A trio of decisions this summer from the Supreme Court makes it crystal clear: the judicial system offers nothing to workers or consumers and exists to only protect corporations.
Slate tracks the cases in this article, noting:
"Slowly but surely, the Supreme Court is giving corporate America a handbook on how to engage in misconduct. ... When you obliterate the very possibility of civil litigation, you are, by definition, helping big business screw over the little guy. But when you teach big business precisely how to screw over the little guy, and how to do it faster, cheaper, and without detection … well, that's not even an illusion of justice anymore. It's enabling."
The Court backed the rights of a company - any company - to bypass all due process in favor of arbitration (usually held in secret, in a forum where a company's arbitrator has total control). A worker or consumer must sign agreements offered by a company which holds that a worker or consumer has no legal rights to challenge a company. Ever.

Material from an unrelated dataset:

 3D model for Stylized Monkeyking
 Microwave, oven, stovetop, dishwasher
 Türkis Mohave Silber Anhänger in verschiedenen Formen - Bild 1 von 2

The Court backed the bizarre claim that a company can set up a subsidiary PR firm yet never, ever can the parent company be held accountable for any false or illegal claim their PR firms make.
The Court also ruled that if a corporation insures that if decisions to discriminate are spread widely enough, employees have no rights to file class action suits.
In other words, shut up and be happy for whatever a corporation offers you. Their rights trump yours.
Meanwhile, a growing legal challenge is being made to totally reverse the "corporate personhood" status.